» How to complete this task: In the records below, find the line that contains "GUCCI 2025新款男女情侣款太阳镜多边形墨镜iP电镀永不褪色 超轻超有弹性整幅眼镜无螺丝重要". Retype that line and all the lines after it through the end, leaving out the pictures.

» Given entries:
■ ■ ■ ■

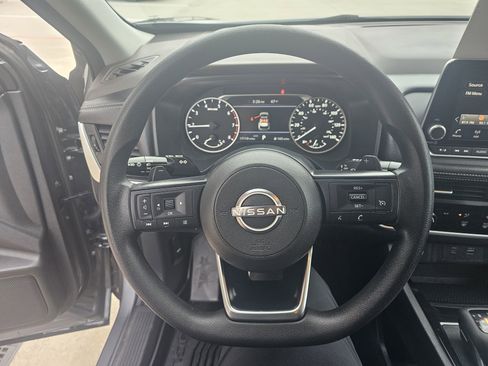 Used 2023 Nissan Rogue S image 18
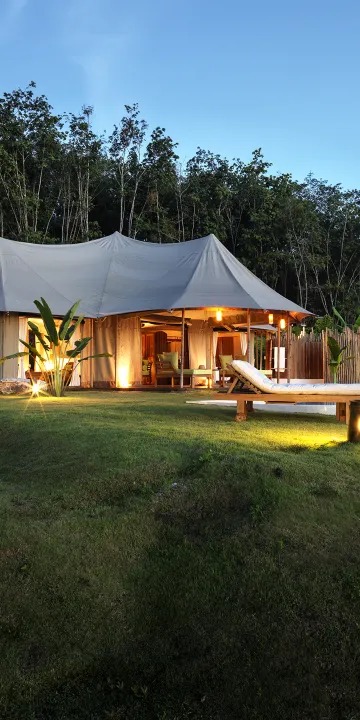 วิลล่าเต็นท์พาโนรามาพร้อมสระว่ายน้ำ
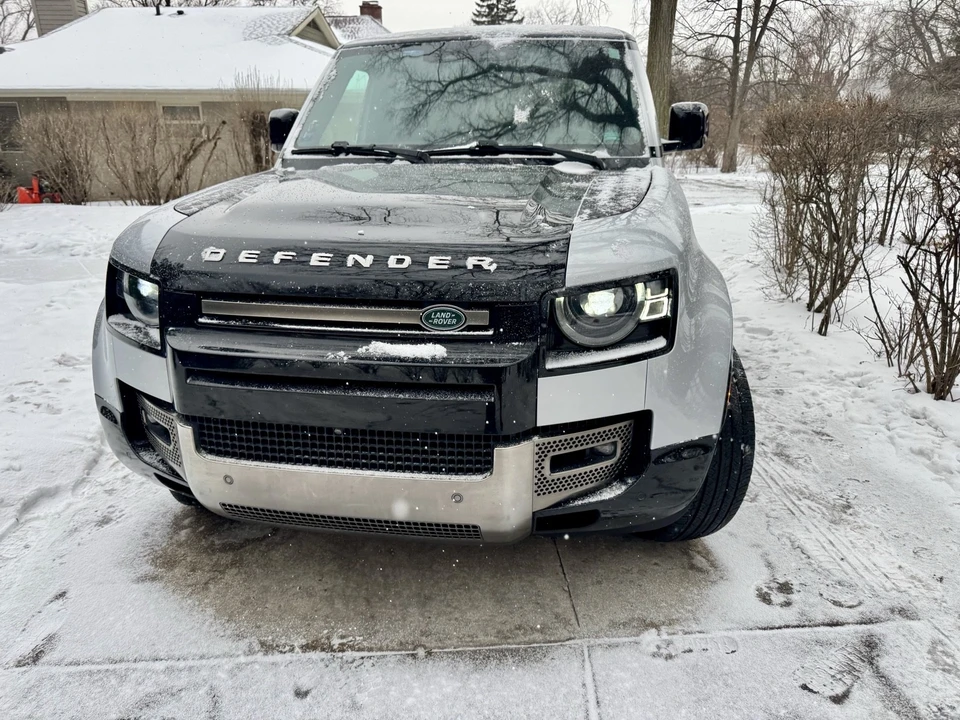 2021 Land Rover Defender 110 - Image 3 of 21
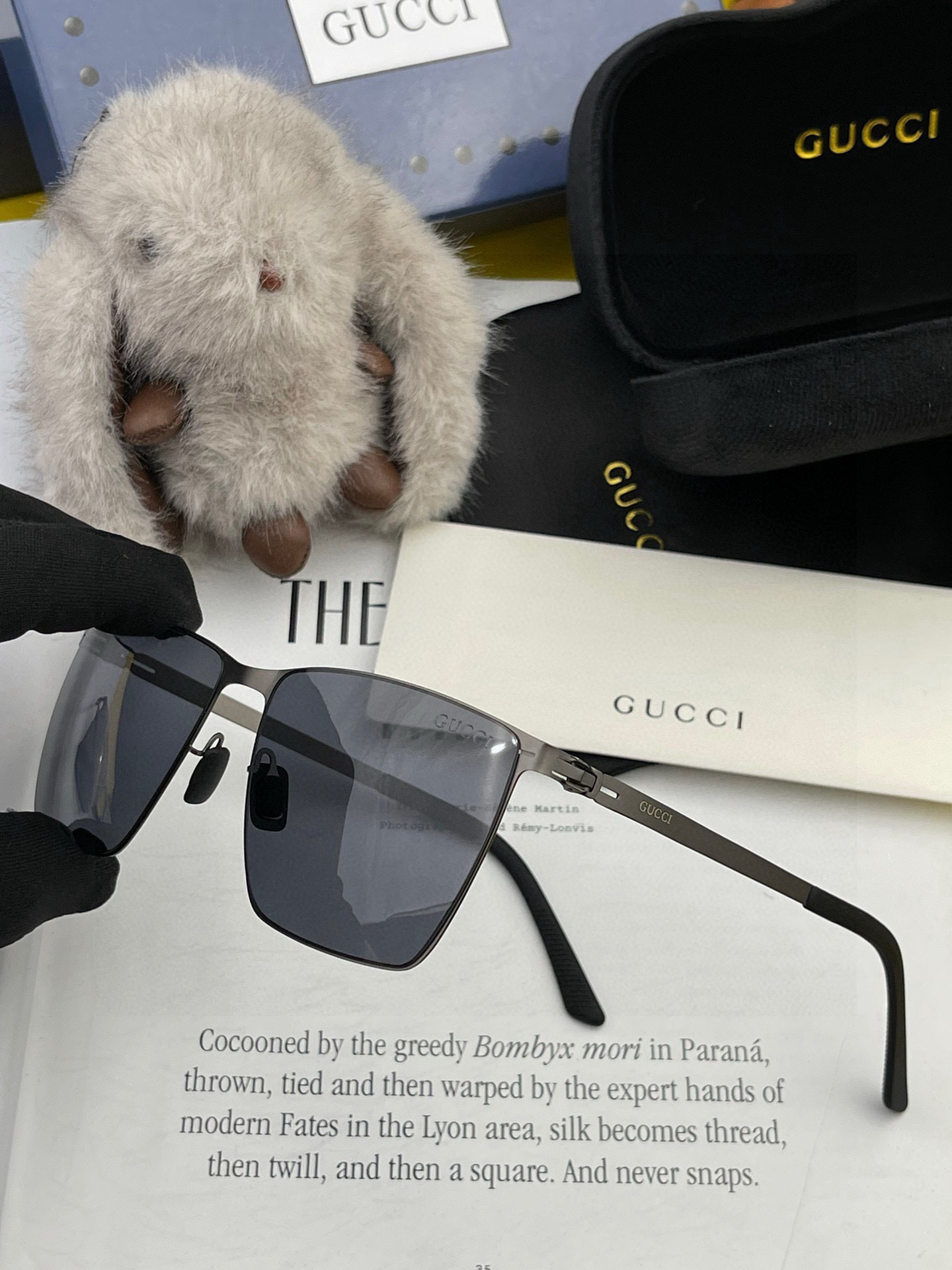 ♦️ GUCCI 2025新款男女情侣款太阳镜多边形墨镜iP电镀永不褪色 超轻超有弹性整幅眼镜无螺丝重要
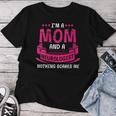 Donna Sono Una Mamma E Neurologo Niente Mi Spaventa Divertente Neurologia Con Collo A Maglietta da donna Regalos divertidos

■ ■ ■ ■

» Finished task:
 ♦️ GUCCI 2025新款男女情侣款太阳镜多边形墨镜iP电镀永不褪色 超轻超有弹性整幅眼镜无螺丝重要
 Donna Sono Una Mamma E Neurologo Niente Mi Spaventa Divertente Neurologia Con Collo A Maglietta da donna Regalos divertidos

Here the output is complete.